Stored data
----
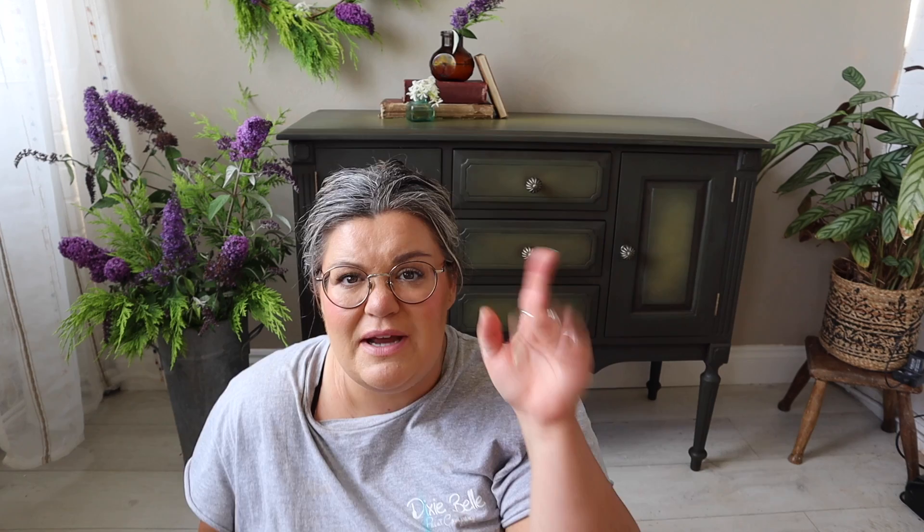Thank you for watching the video, I hope you enjoyed it - it's always much appreciated. Make sure you hit the subscribe button and I'll catch you next time, hopefully without a hair mask in.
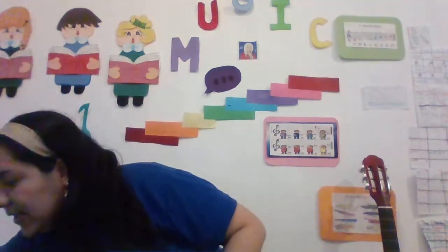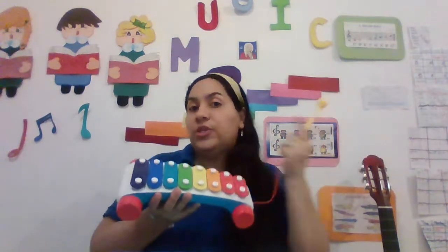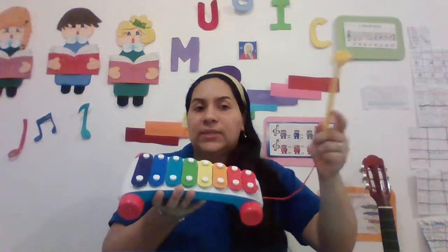I am going to bring my fantastic xylophone. Look, here I have my xylophone. And we are going to listen and sing the musical notes. Okay?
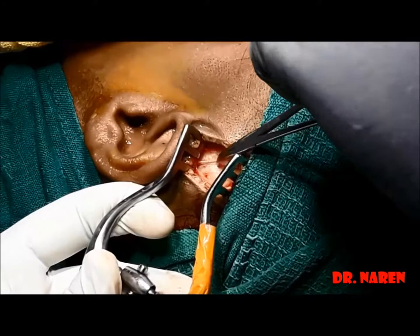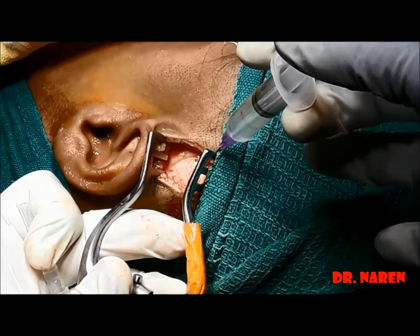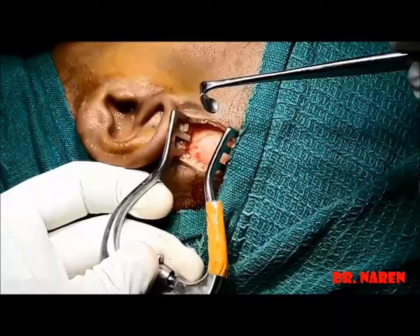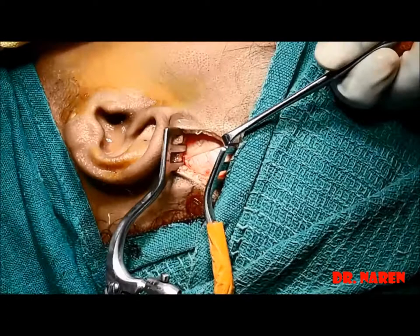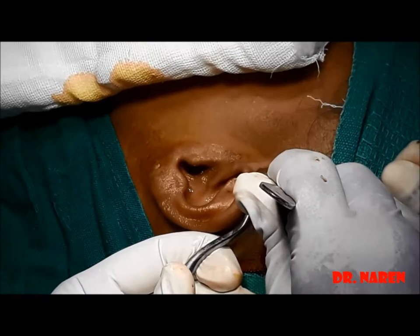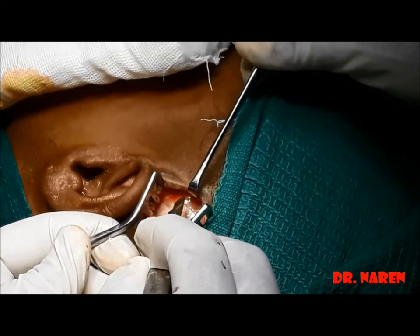After reaching the deep layer of the temporal fascia, normal saline is injected between the deep layer of the temporal fascia and the muscle for hydrodissection, to separate it from the muscle and make removal of the temporal fascia a little easier. The needed amount of incision is then made over the deep layer of the temporal fascia.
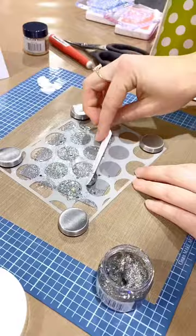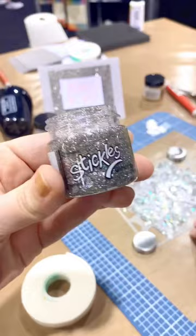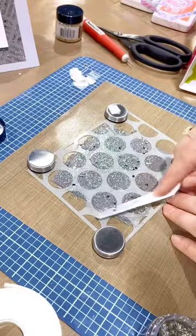Just enough to get through, but not too much, because we're going to dry it using the heat tool. You don't have to, but we're just going to do that to speed it up today.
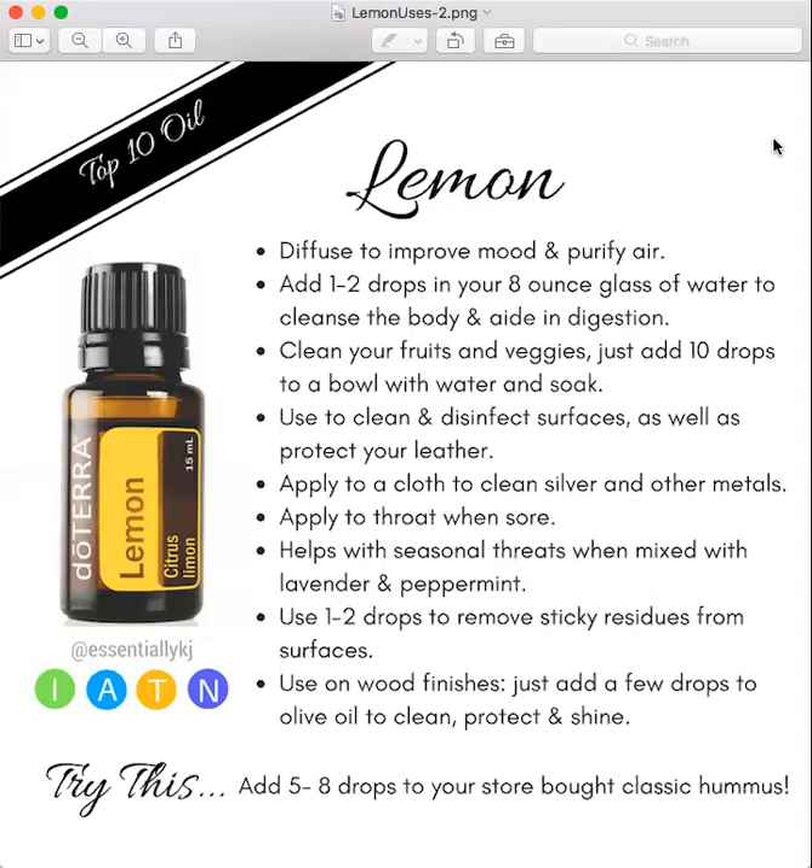I hope that was helpful. If anyone has any questions, please reach out. You can contact me at essentiallykj@gmail.com or you can always reach out to the person that enrolled you — they would be happy to help you.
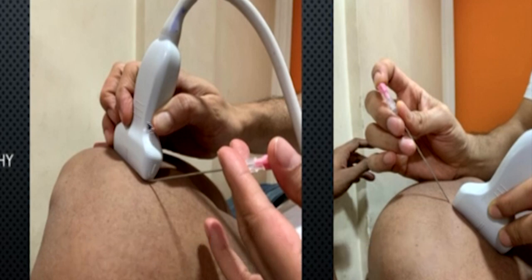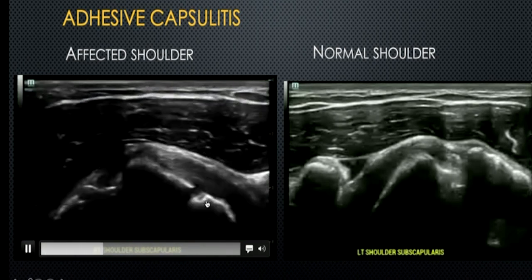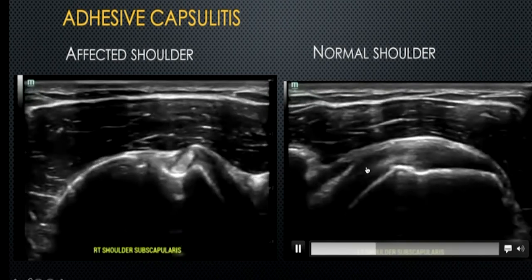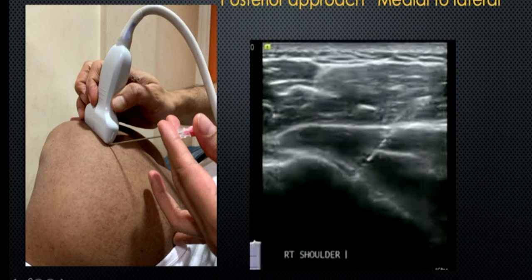For shoulder joint injection, you can give the joint injection either medial to lateral or lateral to medial. Try to be ambidextrous — able to do it with either hand. These are typically done in cases of adhesive capsulitis, labral tears, or inflammatory arthropathies. In adhesive capsulitis, movements are restricted — external rotation is restricted so the subscapularis only comes out to the one o'clock position, whereas on the normal side it comes all the way to three or four o'clock. In such cases, take the needle all the way under the probe through the infraspinatus into the posterior superior glenohumeral recess.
----
EXERCISE DESCRIPTION
Could you set down, exactly as written, every line from the one with "I am going to" to the end of the data, both ends included? Leave out the pictures.

REPLY TO THE EXERCISE
I am going to bring my fantastic xylophone. Look, here I have my xylophone. And we are going to listen and sing the musical notes. Okay?
After reaching the deep layer of the temporal fascia, normal saline is injected between the deep layer of the temporal fascia and the muscle for hydrodissection, to separate it from the muscle and make removal of the temporal fascia a little easier. The needed amount of incision is then made over the deep layer of the temporal fascia.
Just enough to get through, but not too much, because we're going to dry it using the heat tool. You don't have to, but we're just going to do that to speed it up today.
I hope that was helpful. If anyone has any questions, please reach out. You can contact me at essentiallykj@gmail.com or you can always reach out to the person that enrolled you — they would be happy to help you.
For shoulder joint injection, you can give the joint injection either medial to lateral or lateral to medial. Try to be ambidextrous — able to do it with either hand. These are typically done in cases of adhesive capsulitis, labral tears, or inflammatory arthropathies. In adhesive capsulitis, movements are restricted — external rotation is restricted so the subscapularis only comes out to the one o'clock position, whereas on the normal side it comes all the way to three or four o'clock. In such cases, take the needle all the way under the probe through the infraspinatus into the posterior superior glenohumeral recess.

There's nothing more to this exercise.